1901年、ギリシャのアンティキティラ島付近で海綿を採取していたダイバーが、ローマ時代の沈没船から古い歯車の様なものを発見した。これは「アンティキティラ島の機械」と呼ばれ、太陽や月、惑星の位置、日食や月食を予測するための、「世界初のアナログコンピューター」とも言われている。ユニバーシティ・カレッジ・ロンドン(UCL)の研究チームは、この装置の仕組みに関する新しい知見を発表した。研究結果は、2021年3月12日付けの『Scientific Reports』に掲載されている。

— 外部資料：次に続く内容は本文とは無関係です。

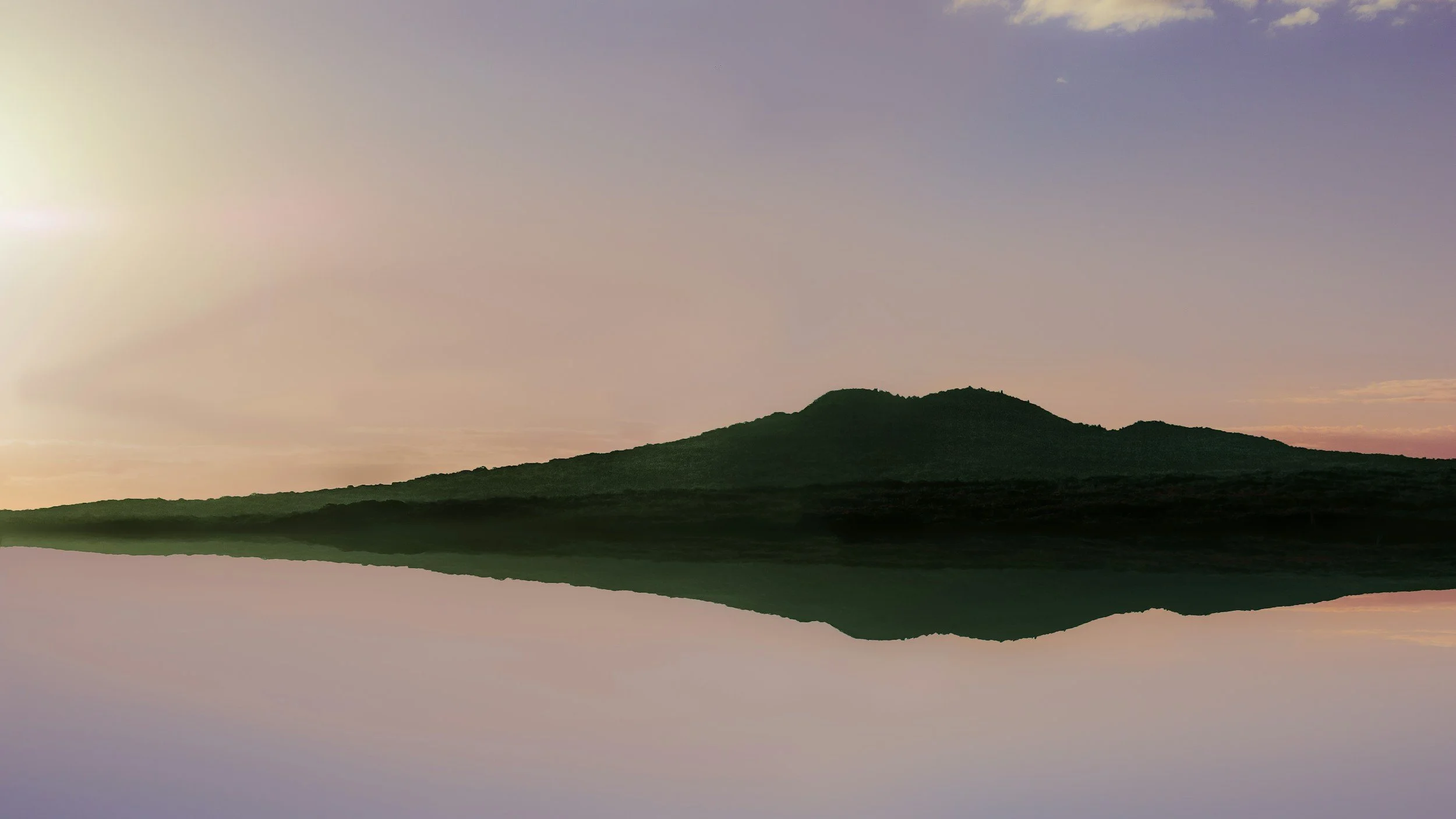 A landscape featuring a mountain with a reflection in a calm body of water, during dawn or dusk with colorful sky.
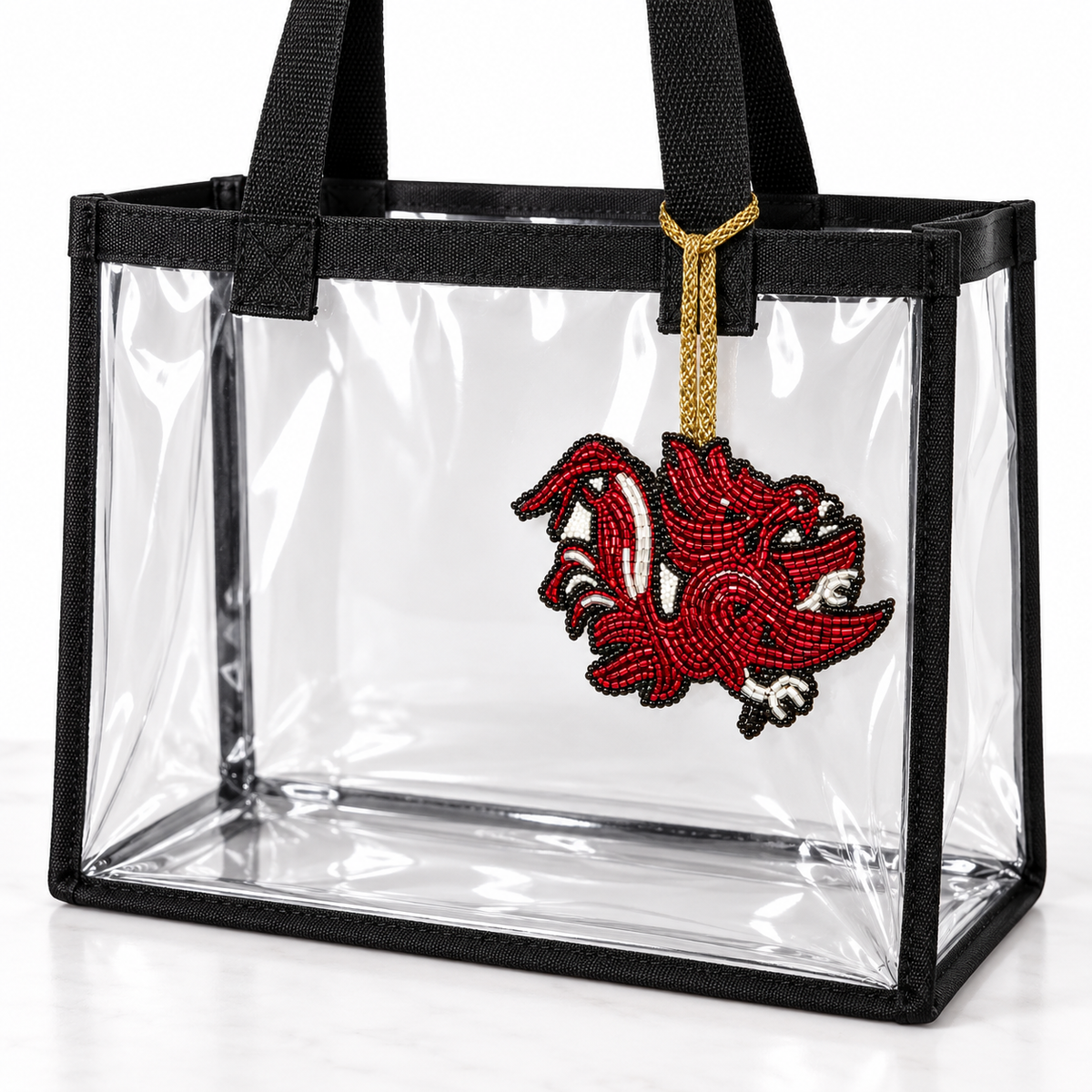 Garnet, black, and silver beaded Gamecock charm hanging from a clear game-day tote with black trim.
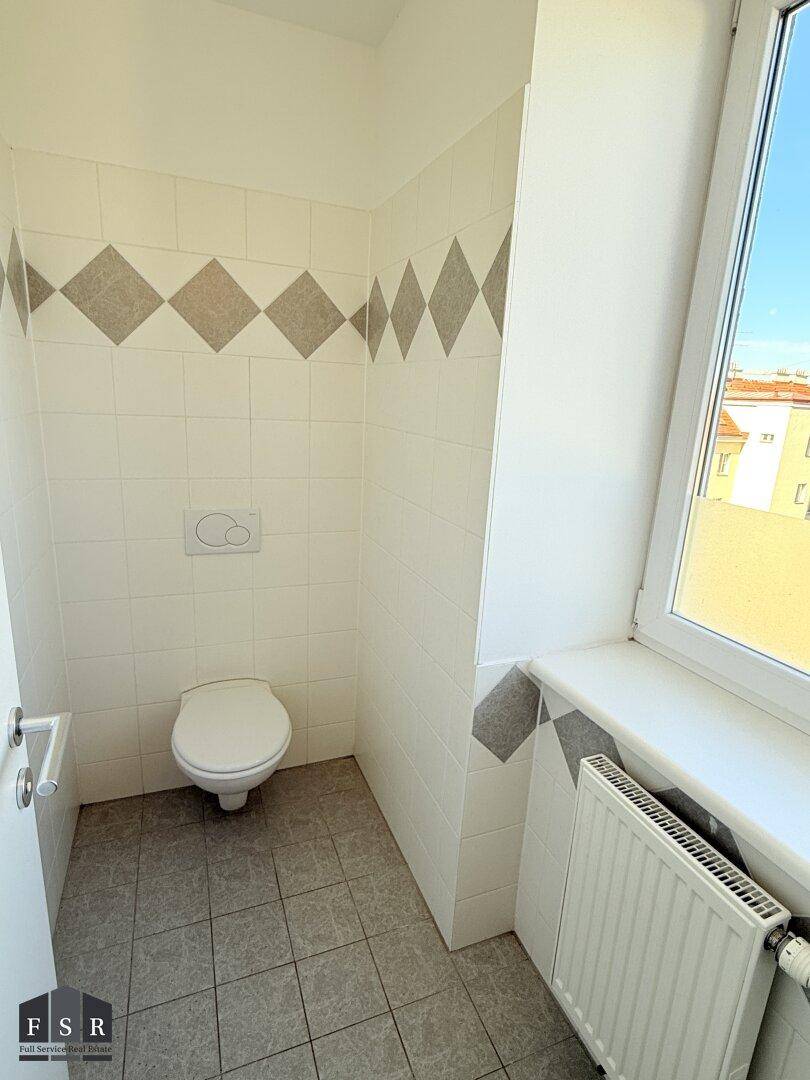 Separates WC mit Toilette, Fenster, Heizkörper und hellen Fliesen an Wänden und Boden.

アンティキティラ島の機械は、青銅製の歯車が複雑に組み合わさった手動の天文計算機だ。実物は現在、アテネ国立考古学博物館に展示されている。現存するのは30個の歯車を含め、全体のわずか3分の1と考えられており、しかも82個の断片に分かれている。発見以来、多くの人々を魅了し、機械の仕組みを理解するために、いくつもの議論が重ねられてきた。

この装置は箱型で、前面に1つ、背面に2つの表示盤を配置しているとされる。2005年の調査では、3次元X線CTと表面イメージングにより、2000年近く未解読だった文字が明らかになり、背面の構造が月の動きを計算し、日食を予測するものだと発表されている。しかし、前面の構造はほとんど分かっていなかった。装置に刻まれた文字によれば、表示盤のリングの上をビーズで表した惑星が動いているという。今回研究チームは、この表示盤の再現に取り組んだ。

地球から見ると、惑星は天球上を順行したり逆行したりして見える。その複雑な惑星の動きを再現するには、長期間にわたる観測と高度な計算が必要だ。研究チームは、古代ギリシャの哲学者パルメニデスが唱えた数学的手法を使って、装置に書かれていた金星と土星の運行周期を説明できることを示した。また、フラグメントA、フラグメントDと呼ばれる2個の断片の痕跡は、金星の動きと理論的に一致すると説明している。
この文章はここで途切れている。